TASK INSTRUCTIONS: Please filter the entries and return only the lines that include "about".

*** DATA EXCERPTS Section Begins ***

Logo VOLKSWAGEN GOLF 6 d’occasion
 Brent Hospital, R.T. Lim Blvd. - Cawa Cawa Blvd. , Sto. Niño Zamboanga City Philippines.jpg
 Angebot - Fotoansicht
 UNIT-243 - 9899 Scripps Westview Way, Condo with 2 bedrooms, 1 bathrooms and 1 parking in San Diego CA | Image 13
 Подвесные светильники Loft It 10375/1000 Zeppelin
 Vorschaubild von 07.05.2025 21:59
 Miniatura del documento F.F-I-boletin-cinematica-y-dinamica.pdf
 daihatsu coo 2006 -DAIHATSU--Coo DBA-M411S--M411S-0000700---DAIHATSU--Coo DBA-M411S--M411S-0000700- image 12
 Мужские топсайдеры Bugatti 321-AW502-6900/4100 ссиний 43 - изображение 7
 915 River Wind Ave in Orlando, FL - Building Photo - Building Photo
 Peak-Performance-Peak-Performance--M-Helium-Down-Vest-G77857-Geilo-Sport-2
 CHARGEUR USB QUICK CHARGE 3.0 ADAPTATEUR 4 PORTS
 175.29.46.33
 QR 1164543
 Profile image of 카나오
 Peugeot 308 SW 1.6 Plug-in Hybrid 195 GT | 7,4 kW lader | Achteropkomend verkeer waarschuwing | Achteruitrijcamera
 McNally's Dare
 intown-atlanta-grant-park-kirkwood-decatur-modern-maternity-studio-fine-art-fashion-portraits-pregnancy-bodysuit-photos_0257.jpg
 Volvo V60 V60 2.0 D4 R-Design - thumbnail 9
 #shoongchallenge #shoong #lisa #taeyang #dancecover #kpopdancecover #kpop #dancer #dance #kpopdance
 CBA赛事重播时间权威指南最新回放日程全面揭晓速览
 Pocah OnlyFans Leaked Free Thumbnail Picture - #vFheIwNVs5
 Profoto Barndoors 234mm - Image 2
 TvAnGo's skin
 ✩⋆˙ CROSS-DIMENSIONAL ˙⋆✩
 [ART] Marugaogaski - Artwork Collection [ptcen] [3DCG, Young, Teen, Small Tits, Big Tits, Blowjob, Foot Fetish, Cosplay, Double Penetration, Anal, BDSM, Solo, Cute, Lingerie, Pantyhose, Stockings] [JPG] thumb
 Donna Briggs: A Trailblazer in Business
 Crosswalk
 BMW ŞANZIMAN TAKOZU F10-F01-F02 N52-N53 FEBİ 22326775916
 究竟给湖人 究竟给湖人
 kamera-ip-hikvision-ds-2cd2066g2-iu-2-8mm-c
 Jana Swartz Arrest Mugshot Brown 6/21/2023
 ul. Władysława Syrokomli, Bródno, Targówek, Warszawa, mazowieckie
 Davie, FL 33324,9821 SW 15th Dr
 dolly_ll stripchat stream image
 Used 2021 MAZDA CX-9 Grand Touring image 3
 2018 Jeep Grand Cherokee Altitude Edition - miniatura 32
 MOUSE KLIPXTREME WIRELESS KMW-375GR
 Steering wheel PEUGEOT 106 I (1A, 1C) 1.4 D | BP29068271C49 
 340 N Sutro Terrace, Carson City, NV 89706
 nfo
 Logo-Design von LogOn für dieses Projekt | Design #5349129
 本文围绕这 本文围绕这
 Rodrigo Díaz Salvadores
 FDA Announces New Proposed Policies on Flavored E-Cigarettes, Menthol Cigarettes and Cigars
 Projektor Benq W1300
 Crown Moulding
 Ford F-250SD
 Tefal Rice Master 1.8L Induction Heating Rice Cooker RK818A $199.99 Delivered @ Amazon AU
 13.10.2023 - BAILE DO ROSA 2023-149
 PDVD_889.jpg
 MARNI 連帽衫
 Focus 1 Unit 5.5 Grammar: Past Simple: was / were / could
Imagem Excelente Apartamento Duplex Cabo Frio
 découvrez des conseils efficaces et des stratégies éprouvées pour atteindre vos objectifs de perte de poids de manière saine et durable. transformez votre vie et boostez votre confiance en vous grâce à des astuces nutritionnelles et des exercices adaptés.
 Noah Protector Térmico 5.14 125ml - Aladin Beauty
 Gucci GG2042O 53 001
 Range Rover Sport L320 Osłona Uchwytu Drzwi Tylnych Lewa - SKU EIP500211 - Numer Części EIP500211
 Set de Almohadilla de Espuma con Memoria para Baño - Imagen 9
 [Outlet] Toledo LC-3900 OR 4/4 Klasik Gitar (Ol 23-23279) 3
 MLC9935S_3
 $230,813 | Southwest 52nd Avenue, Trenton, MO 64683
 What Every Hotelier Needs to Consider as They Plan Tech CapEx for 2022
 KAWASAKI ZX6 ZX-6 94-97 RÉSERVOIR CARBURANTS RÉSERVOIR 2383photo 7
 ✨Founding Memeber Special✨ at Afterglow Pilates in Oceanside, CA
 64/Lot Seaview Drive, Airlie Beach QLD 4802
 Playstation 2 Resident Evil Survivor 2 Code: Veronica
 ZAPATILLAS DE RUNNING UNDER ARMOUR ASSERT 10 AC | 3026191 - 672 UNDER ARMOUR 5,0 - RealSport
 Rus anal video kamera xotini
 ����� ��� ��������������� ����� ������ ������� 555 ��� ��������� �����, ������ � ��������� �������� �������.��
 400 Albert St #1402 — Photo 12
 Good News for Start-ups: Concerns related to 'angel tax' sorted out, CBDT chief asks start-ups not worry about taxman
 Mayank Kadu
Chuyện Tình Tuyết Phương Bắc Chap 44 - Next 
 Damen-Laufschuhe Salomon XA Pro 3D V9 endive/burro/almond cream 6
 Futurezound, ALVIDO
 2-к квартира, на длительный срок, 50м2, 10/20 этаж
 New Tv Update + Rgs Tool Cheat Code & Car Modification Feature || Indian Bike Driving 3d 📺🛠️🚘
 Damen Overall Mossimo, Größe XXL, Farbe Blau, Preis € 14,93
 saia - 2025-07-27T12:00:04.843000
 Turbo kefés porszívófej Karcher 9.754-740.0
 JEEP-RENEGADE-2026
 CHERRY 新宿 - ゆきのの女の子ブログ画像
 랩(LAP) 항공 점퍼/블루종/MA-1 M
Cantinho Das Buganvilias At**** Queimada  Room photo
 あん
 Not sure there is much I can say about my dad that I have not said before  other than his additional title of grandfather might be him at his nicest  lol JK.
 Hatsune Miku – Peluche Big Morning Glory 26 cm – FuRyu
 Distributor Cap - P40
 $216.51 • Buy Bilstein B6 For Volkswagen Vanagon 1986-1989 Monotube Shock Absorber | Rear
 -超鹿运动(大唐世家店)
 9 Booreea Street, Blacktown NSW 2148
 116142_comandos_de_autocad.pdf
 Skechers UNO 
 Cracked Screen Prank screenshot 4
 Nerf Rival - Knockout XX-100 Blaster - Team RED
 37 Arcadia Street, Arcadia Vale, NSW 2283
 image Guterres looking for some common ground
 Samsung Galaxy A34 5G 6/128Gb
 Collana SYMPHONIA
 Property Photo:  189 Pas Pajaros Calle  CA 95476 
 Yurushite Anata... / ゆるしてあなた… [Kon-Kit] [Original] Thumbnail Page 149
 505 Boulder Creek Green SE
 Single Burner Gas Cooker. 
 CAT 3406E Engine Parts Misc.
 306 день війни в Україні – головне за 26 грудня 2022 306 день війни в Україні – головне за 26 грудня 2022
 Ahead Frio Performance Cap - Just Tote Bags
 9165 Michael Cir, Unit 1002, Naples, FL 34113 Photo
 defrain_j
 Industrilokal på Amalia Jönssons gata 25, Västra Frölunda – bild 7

*** DATA EXCERPTS Section Ends ***

OUTPUT BELOW:
 Good News for Start-ups: Concerns related to 'angel tax' sorted out, CBDT chief asks start-ups not worry about taxman
 Not sure there is much I can say about my dad that I have not said before  other than his additional title of grandfather might be him at his nicest  lol JK.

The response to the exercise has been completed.